Accompanying implementation:

The GPU based voxel renderer that will accompany this paper will use a simple 7 cases table to render the 3d information. The process is the same as Marching Cubes, but the simpler renderer will be easier to implement.

The objective of the renderer is to take in a set of 3d data and produce a representative mesh. However, on the GPU this presents a few obstacles. Firstly, the pipeline requires vertex input. So in order to iterate the 3d data, a script will have to provide the shader with an input mesh, being an array of vertices that match up in size to the 3d data that is going to be processed. From here, the incoming vertex’s local position should be usable as the indices to the current position in the 3d data. However, a further complication arises in how that 3d data can be passed to the shader. Ideally it would be a uniform bool3, but currently (Unity 4.3), its not possible to pass arrayed data in via uniforms. Fortunately, it is possible to pass 2d textures. So in order to get the data into the shader, it has to be generated, then encoded into a texture, then that texture has to be passed into the shader.

The data size I will be working with will be 16x16x16 voxels. This means that my data textures will have to be 16x256 to store that information. The incoming vertex’s x and z will be divided by 16 and 256 respectively to convert them from local space coordinates to pixel offsets in the data texture. The y coordinate (height) will be multiplied by a 16 pixel offset and added to the z pixel offset in order to move up and down the 16x16 slices of pixel data stored in the texture. If the alpha value of the current pixel is 0, then the current vertex will not be converted into a voxel. If the alpha value is not 0, a voxel will be placed at that position and the color of that pixel will be passed into the voxel’s vertices’ color attributes. The project’s main scene (titled Main.unity) will contain a number of different meshes procedurally generated by the voxel renderer shader program. As their inputs, they will use 16x256 pngs that are passed in via their _VoxelData texture property, which can be changed in real time to reconstruct the mesh with a different set of voxel data.

Closing thoughts:

Having written a CPU based voxel renderer over the summer, I was excited to see the performance gains from a GPU based one. On the CPU, writing the renderer did not take too long, but I found myself spending hours thinking of ways to speed it up, reduce complexity and hide the work of generating the mesh and collision mesh. Getting rid of the small frame drops associated with generating a new piece of noise was very difficult, and not something that I solved to a satisfactory degree. Implementing the renderer on the GPU was a bit strange to wrap my head around, but there was a lot of practical information both in the whitepages on voxel rendering and more generally on the Nvidia website on the Cg language. I had expected some performance gain in moving the renderer to the GPU, but not the dramatic effect that it actually had. One of the first things I tried to do once I had finished the renderer was to stress test it. On the school computers, I got up to 1.5 million polygons at real time framerates, which really impressed me.

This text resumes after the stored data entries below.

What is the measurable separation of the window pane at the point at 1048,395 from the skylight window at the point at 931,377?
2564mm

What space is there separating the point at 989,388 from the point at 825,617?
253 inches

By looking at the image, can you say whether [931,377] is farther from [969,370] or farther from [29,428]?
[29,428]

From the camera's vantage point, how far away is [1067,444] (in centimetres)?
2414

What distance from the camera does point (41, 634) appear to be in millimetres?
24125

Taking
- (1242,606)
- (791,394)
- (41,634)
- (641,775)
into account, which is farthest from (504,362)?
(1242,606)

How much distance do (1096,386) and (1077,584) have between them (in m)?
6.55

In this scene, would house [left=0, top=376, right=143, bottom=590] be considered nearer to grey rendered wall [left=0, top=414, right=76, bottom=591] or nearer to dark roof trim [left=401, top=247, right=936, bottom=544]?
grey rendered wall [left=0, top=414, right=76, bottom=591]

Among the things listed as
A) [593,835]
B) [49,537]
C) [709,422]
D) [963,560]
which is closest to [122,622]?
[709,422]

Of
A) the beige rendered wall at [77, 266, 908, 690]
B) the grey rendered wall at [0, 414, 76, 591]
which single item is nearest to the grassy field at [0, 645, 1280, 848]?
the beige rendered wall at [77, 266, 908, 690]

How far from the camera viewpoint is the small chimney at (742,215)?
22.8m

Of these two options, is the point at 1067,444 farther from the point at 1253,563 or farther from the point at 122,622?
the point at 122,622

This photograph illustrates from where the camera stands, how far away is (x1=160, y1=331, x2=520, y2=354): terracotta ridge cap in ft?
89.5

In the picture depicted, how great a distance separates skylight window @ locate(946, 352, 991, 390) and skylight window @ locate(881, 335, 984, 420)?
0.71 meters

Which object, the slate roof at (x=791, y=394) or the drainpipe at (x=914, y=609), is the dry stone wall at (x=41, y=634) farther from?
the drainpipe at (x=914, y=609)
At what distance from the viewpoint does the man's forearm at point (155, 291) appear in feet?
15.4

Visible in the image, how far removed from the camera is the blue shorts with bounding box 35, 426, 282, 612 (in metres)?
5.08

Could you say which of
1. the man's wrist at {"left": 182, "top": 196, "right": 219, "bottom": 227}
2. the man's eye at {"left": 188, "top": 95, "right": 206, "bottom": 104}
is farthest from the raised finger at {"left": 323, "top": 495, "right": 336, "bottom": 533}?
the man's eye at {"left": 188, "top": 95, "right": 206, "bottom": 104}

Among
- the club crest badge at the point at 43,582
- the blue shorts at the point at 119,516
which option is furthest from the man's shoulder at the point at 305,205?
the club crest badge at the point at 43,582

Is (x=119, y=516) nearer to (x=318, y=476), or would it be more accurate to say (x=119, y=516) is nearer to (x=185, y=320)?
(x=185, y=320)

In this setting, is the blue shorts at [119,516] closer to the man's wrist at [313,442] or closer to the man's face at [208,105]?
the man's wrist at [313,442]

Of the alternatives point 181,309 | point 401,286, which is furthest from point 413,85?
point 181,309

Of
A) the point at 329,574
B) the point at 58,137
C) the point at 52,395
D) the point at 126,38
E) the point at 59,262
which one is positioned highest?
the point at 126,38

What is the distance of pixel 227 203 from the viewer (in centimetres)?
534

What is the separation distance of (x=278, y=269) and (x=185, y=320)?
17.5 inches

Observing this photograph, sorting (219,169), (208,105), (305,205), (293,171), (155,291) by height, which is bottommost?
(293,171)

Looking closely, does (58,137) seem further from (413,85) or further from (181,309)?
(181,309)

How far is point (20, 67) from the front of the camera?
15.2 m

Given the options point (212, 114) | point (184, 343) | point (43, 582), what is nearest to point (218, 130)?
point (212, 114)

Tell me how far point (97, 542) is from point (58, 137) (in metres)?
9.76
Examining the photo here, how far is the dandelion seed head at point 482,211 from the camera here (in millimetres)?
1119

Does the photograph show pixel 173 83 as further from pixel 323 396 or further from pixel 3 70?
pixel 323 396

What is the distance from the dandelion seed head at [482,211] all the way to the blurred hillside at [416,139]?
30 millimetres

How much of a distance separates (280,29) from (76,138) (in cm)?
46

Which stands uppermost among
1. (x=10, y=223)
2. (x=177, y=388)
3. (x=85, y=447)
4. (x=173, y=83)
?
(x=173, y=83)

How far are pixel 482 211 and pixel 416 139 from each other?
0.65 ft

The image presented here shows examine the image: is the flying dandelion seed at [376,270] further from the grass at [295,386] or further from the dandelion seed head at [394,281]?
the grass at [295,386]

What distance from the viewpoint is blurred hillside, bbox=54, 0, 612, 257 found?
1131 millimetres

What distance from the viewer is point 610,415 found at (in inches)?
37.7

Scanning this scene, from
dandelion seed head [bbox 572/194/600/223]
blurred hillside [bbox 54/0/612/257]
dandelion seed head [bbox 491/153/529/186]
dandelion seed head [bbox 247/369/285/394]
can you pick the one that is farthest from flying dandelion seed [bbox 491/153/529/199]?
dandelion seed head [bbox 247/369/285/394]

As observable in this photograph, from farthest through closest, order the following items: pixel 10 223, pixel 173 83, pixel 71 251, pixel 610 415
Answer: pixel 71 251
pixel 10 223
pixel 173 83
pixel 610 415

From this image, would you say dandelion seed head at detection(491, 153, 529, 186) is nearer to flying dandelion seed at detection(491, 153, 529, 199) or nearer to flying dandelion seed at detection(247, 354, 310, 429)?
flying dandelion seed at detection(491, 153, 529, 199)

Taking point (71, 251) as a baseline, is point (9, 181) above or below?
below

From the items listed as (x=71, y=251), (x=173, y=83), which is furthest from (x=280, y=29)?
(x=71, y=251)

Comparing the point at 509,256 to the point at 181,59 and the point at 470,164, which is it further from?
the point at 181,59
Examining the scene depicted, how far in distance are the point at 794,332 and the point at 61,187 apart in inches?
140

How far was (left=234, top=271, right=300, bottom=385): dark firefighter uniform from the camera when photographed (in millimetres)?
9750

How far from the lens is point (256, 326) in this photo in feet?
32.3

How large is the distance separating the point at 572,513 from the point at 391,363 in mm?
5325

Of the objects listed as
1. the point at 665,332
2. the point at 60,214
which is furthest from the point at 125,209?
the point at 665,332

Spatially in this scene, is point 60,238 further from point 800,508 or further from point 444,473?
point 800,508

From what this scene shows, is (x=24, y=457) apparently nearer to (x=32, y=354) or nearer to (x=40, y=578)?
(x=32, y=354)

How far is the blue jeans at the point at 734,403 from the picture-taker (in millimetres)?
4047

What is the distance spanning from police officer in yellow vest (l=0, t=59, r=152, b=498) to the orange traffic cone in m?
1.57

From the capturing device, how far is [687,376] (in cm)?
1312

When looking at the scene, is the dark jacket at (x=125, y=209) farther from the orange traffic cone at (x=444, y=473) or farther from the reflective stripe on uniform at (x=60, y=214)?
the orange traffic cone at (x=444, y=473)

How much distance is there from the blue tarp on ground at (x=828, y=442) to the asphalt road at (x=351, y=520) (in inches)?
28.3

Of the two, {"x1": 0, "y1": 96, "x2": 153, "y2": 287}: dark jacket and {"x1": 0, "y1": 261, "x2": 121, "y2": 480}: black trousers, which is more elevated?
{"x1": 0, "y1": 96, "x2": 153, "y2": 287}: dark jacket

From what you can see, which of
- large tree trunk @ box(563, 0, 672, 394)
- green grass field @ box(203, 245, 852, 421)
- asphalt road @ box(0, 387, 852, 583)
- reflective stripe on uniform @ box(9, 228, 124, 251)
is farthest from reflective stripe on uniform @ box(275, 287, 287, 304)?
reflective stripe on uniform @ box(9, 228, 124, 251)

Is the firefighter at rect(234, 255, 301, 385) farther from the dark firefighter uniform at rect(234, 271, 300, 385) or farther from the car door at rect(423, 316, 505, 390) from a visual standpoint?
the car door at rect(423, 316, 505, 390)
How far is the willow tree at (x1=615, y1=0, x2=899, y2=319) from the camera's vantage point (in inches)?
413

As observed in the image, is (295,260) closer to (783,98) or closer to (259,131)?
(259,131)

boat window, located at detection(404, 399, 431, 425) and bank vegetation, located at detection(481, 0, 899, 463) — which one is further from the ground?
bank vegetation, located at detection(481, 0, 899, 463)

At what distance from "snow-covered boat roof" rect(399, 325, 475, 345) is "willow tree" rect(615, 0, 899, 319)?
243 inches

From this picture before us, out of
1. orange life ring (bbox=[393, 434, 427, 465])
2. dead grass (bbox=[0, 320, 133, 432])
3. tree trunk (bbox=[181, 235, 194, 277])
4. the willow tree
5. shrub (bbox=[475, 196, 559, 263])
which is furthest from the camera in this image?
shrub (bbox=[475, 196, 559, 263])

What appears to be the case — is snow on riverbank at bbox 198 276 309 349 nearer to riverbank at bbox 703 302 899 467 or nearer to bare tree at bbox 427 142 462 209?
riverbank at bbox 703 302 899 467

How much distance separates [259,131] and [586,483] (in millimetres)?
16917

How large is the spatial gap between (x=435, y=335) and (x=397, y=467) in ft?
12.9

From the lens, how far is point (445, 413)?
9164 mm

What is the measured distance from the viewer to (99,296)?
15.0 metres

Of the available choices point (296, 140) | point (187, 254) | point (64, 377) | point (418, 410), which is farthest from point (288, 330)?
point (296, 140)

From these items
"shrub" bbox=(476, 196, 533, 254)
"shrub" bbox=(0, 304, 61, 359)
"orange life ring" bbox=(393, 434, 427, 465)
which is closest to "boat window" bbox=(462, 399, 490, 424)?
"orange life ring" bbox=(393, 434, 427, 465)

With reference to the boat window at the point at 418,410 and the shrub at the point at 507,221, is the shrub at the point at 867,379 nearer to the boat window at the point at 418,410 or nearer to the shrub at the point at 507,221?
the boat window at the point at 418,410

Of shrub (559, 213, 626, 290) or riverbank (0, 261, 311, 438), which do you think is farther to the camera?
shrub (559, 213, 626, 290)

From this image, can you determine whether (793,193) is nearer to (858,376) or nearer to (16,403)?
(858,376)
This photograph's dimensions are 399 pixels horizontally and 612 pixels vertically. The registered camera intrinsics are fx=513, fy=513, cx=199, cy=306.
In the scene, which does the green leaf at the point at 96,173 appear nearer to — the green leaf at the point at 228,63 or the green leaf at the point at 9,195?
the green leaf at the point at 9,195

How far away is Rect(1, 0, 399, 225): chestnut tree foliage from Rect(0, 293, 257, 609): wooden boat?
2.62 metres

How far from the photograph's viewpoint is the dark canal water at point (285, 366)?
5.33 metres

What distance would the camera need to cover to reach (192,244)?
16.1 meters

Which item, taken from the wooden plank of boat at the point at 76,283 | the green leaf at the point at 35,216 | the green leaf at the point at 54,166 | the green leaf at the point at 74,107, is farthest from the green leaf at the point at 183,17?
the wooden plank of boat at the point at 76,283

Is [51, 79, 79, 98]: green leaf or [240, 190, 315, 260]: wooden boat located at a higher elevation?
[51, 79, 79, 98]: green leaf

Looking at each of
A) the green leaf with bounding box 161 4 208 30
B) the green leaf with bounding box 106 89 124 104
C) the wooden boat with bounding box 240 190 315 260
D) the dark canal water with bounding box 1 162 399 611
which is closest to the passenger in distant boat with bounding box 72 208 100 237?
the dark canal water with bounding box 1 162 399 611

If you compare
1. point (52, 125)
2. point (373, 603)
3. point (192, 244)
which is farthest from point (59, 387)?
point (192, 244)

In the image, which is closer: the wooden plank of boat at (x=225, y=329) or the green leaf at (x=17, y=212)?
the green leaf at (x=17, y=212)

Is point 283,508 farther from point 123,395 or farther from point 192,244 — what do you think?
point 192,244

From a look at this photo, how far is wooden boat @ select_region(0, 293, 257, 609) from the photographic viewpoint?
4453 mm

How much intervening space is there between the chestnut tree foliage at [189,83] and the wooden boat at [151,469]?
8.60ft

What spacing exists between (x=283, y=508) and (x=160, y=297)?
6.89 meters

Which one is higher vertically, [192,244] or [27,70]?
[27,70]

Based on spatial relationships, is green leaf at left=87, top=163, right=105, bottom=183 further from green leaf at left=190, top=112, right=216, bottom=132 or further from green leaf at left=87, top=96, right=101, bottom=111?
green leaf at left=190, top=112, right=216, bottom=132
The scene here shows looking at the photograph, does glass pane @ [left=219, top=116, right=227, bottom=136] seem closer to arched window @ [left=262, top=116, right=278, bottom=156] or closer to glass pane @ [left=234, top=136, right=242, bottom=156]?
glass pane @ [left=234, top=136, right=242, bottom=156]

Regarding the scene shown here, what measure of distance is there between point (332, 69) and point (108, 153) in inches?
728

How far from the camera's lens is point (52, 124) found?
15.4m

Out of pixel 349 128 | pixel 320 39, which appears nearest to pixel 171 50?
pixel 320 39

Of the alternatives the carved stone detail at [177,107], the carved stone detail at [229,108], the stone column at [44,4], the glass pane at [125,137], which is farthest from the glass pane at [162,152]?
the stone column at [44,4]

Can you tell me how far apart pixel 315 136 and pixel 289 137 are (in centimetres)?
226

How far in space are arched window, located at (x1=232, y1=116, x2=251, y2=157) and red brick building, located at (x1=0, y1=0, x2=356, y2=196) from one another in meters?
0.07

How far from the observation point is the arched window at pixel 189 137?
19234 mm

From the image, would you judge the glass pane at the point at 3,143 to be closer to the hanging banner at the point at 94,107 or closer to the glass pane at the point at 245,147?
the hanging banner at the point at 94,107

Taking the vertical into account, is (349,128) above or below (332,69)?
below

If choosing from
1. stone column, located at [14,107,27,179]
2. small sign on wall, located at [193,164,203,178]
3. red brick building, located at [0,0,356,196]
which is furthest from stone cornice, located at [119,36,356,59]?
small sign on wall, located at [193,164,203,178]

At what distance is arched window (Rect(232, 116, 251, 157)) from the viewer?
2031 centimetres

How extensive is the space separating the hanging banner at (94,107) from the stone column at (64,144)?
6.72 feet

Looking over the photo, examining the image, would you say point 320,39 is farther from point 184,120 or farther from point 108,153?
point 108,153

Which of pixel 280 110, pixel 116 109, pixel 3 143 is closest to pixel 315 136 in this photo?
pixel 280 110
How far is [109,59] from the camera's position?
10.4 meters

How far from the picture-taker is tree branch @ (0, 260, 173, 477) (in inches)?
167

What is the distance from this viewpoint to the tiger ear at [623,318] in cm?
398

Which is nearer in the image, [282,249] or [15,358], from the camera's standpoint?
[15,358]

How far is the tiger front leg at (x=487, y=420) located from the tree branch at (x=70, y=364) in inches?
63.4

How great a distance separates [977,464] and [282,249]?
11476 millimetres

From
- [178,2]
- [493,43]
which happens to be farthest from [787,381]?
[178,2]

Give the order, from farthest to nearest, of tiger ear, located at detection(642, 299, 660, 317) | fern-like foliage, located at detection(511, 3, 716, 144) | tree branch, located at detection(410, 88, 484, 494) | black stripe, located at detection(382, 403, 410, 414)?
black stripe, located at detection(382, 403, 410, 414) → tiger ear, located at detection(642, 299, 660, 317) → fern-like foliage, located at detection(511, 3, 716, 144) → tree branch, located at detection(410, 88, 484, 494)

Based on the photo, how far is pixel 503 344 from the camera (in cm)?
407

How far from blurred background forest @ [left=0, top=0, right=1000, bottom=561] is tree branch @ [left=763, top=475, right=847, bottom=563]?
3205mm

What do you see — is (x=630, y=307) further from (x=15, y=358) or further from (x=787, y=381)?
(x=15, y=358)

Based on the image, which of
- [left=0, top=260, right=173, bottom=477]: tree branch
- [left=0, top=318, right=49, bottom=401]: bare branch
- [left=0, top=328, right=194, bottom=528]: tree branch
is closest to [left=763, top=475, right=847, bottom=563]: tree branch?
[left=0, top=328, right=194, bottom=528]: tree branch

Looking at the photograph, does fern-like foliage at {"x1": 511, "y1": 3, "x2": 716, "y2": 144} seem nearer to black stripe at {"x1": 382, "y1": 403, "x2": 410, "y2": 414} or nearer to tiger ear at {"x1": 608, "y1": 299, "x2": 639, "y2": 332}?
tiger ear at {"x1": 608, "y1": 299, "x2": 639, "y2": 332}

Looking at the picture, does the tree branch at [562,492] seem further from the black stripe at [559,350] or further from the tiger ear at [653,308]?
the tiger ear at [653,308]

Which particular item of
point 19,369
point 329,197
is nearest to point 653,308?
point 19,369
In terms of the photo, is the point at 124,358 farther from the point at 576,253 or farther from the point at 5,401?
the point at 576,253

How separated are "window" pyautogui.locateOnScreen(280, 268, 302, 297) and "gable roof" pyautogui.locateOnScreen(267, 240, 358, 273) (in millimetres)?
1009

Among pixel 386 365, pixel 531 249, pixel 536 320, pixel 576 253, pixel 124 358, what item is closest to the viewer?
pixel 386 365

Writing this program has absolutely sold me on the power of the GPU to process big data. The problems of simulating water, smoke, etc. in interactive real time don’t seem so much like science fiction to me anymore. It was eyeopening to see all the extremely open and hard work going into the solutions to these problems. Going forward, I want to learn how to generate a PhysX collision mesh to match the mesh generated for drawing. I have the vague notion that it involves processing the voxel data in a compute shader, then passing the data both to the physics engine and the graphics pipeline for collision detection and rendering, but really understanding and solving that problem will be a problem for another day.